KdQuery is a package that defines one possible implementation of kd-trees using python lists to avoid recursion and most importantly it defines a general method to find the nearest node for any kd-tree implementation.

Getting Started

Prerequisites

  • Python version 3.6 installed locally
  • Pip installed locally

Installing

The package can easily be installed via pip:

pip install kdquery

Usage

The Tree class with the default settings

from kdquery import Tree

# Create a kd-tree (k = 2 and capacity = 10000 by default)
tree = Tree()

# Insert points with some attached data (or not)
tree.insert((9, 1), {'description': 'point in the plane', 'label': 6})
tree.insert((1, -8))
tree.insert((-3, 3), data=None)
tree.insert((0.2, 3.89), ["blue", "yellow", "python"])

# Recover the data attached to (0, 3)
node_id = tree.insert((0, 3), 'Important data')
node = tree.get_node(node_id)
print(node.data)  # 'Important data'

# Find the node in the tree that is nearest to a given point
query = (7.2, 1.2)
node_id, dist = tree.find_nearest_point(query)
print(dist)  # 1.8110770276274832

The Tree class with the optional arguments

from kdquery import Tree

x_limits = [-100, 100]
y_limits = [-10000, 250]
z_limits = [-1500, 10]
region = [x_limits, y_limits, z_limits]

capacity = 3000000

# 3d-tree with capacity of 3000000 nodes
tree = Tree(3, capacity, region)

The nearest_point method

Let's say that you work with some positions over the superface of the Earth in your application and that to store this data you implement a kd-tree where each node is represented as an element of an array with these specifications:

import numpy as np

node_dtype = np.dtype([
   ('longitude', 'float64'),
   ('latitude', 'float64'),
   ('limit_left', 'float64'),
   ('limit_right', 'float64'),
   ('limit_bottom', 'float64'),
   ('limit_top', 'float64'),
   ('dimension', 'float64'),
   ('left', 'int32'),
   ('right', 'int32')
])

If given a point over the surface of the Earth you need to find the nearest position of your database, you can use the nearest_point method from this package. You only need to define a method that receives the index of a node in this representation and returns the coordinates of the node, the region where it is and the indices to the left and right child. For the implementation mentioned above, it could be something like:

def get_properties(node_id):
    node = tree[node_id]

    horizontal_limits = [node['limit_left'], node['limit_right']]
    vertical_limits = [node['limit_bottom'], node['limit_top']]

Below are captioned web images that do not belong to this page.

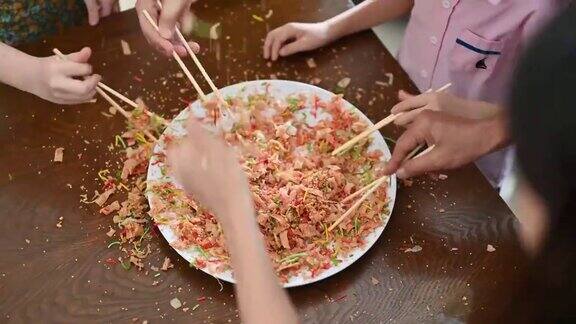 一个亚洲家庭在团圆饭上用传统食物“生鱼”庆祝中国新年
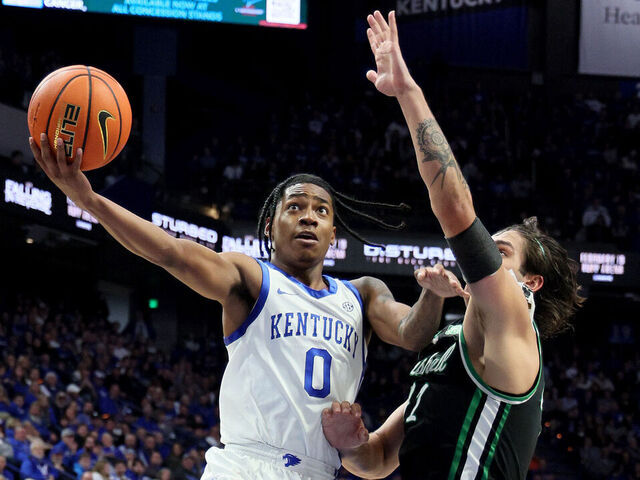 LEXINGTON, KENTUCKY - NOVEMBER 24: Rob Dillingham #0 of the Kentucky Wildcats shoots the ball while defended by Goran Miladinovic #21of the Marshall Thundering Herd in the second half at Rupp Arena on November 24, 2023 in Lexington, Kentucky.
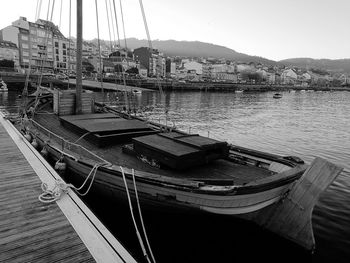 Boats moored on river in city against sky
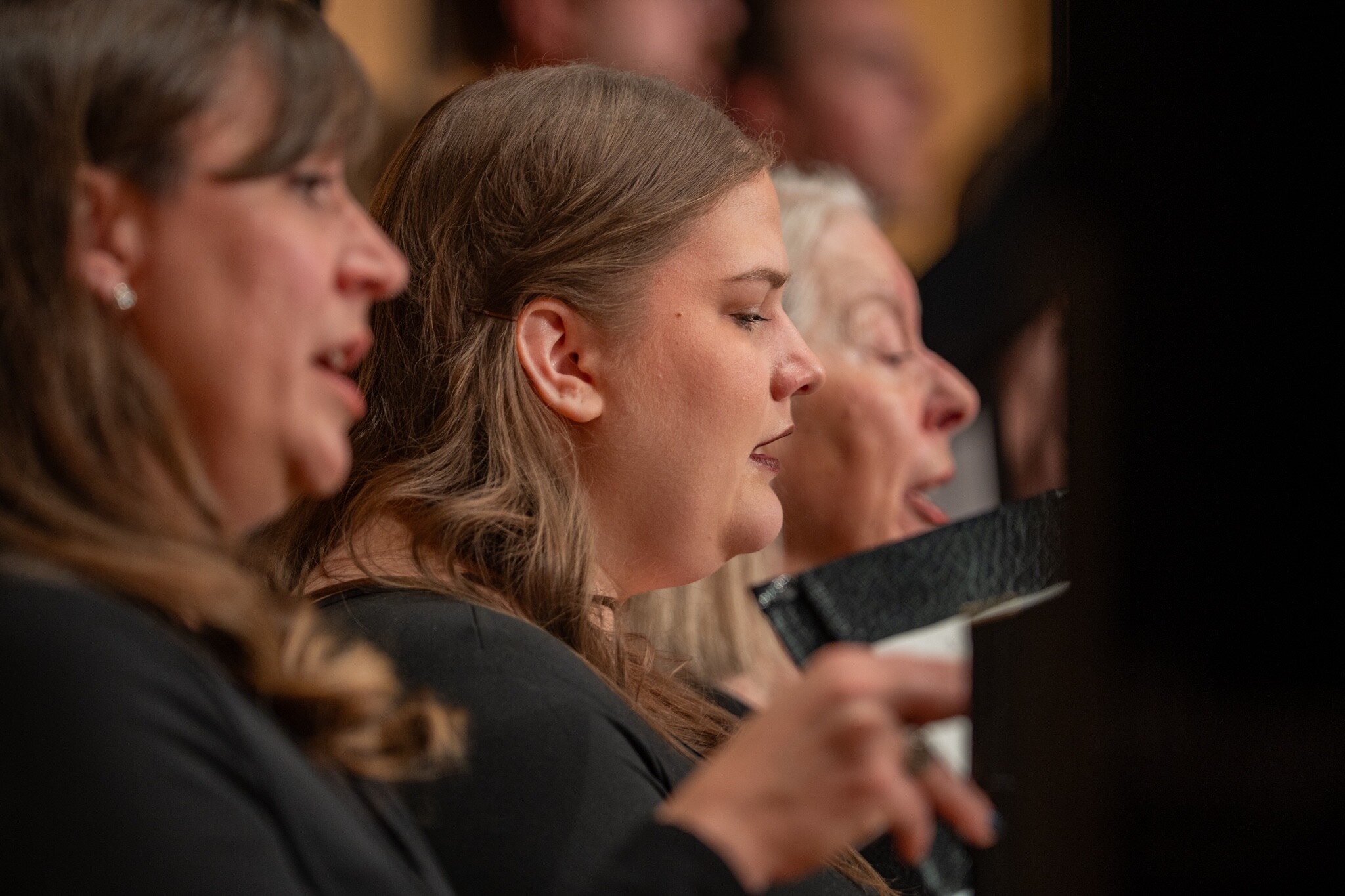 Boise Phil Master Chorale singers perform with open music folders.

    # The region of the space definied by the node
    region = [horizontal_limits, vertical_limits]

    # The position of the point in the space
    coordinates = (node['longitude']), node['latitude']))

    # The dimension of the space divided by this node
    # 0 for longitude and 1 for latitude in this case
    dimension = node['dimension']

    # If you want this node to be considered
    # Set to true if this feature is not predicted by your implementation
    active = True

    # Indices to left and right children
    left, right = node['left'], node['right']

    return coordinates, region, dimension, active, left, right

To call the method:

import kdquery

def spherical_dist(point1, point2):
    <statement-1>
    .
    .
    .
    <statement-N>
    return dist

query = (2.21, 48.65)
root_id = 0  # index of the root
node_id, dist = kdquery.nearest_point(query, root_id, get_properties,
                                      spherical_dist)